Multi-tasking

It is somewhat ironic that I would praise Apple for the multi-tasking capabilities built into OS X, given that the Mac OS trailed Windows in its support for preemptive multi-tasking. Needless to say, the mistakes of yesterday are not true of OS X today, and its multi-tasking prowess was my biggest draw to it.

Multi-tasking under OS X works just like it would under Windows; you have multiple applications open, some of them doing things concurrently, while others are waiting for your input. I will address the two types of applications in a multi-tasking scenario separately.
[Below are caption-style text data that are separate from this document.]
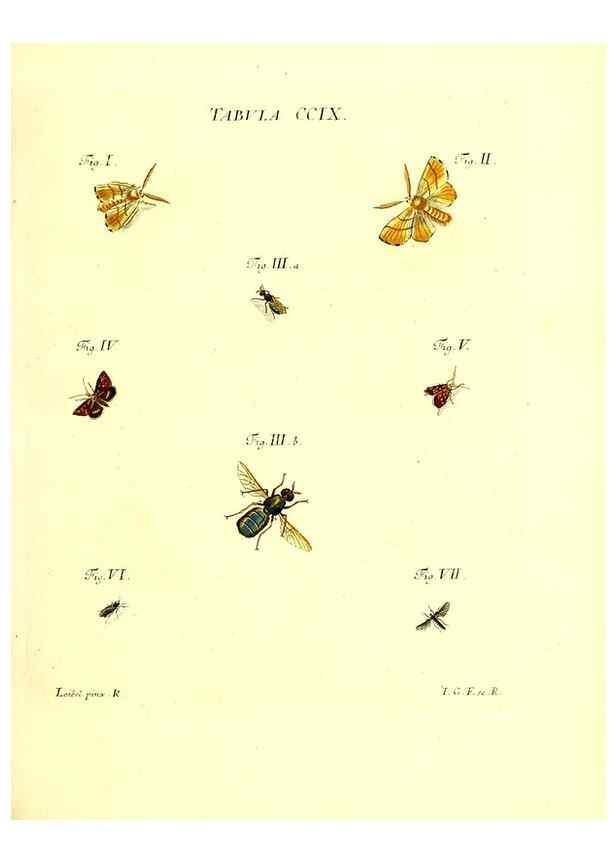 Reproducción/Reproduction 35538019834: Iacobi Christiani Schaefferi s.s. theologiae et philosophiae doctoris ... Icones insectorum circa Ratisbonam indigenorum :. Ratisbonae :Typis Breitfeldianis,MDCCLXXIX [1766-1779]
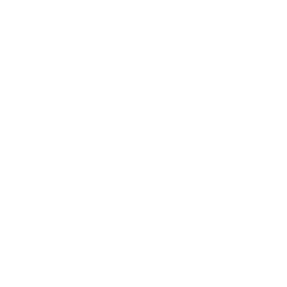 TopNotch.png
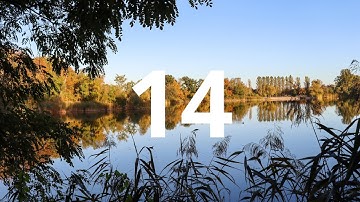 14 Second Countdown Timer With Alarm Sound At the End(Simple Beep)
In the case of applications running at the same time while performing tasks concurrently, OS X does one thing very well that Windows does not - the foreground application is never intruded upon by any other application that's running. Say you're encoding a video and typing a document in Word, should a dialog box popup in the encoding application, it will do it without shifting the window focus to that application. Instead, the dialog box will pop up in the background and you're free to dismiss it when you're ready and willing. It is all too often that Windows left me annoyed by a dialog box taking focus while I was typing a message to someone online or writing a document.

OS X has been designed to be as unintrusive to the user as possible. For that reason, one of the basics of the Windows interface is not echoed in OS X. While double-clicking a file or folder will open the item, hitting "enter" when one is highlighted will not cause the same effect. Instead, if you hit "enter" on a highlighted item, you'll be able to rename the item. In order to launch the file or open the folder via keyboard, you have to hit Command-Down Arrow (Command-Up Arrow will traverse up a folder tree). This takes a bit of getting used to and if approached with an open mind, you can get used to it in a couple of days, but it can be frustrating at first - especially if you are a keyboard addict used to Windows.

Another way in which OS X allows for less intrusive multi-tasking is in its ability to let you close a background window of an application other than the one you're currently working in without shifting focus to that application. Say that I have a browser window open behind a Word document that I'm typing. I can hover over the red close button on the browser window and click it without actually shifting focus away from the Word document - I can continue typing away right after clicking the browser's close button without any additional mouse use.

Next, there is the more frequently used type of multi-tasking, where multiple applications are open and the user switches between them. I've already mentioned that OS X has the equivalent of the Windows ALT-TAB functionality; the task switcher is activated by holding down the Command key and hitting "tab" to sequence through all of the open applications. Releasing Command activates the selected application and everything continues as it would under Windows.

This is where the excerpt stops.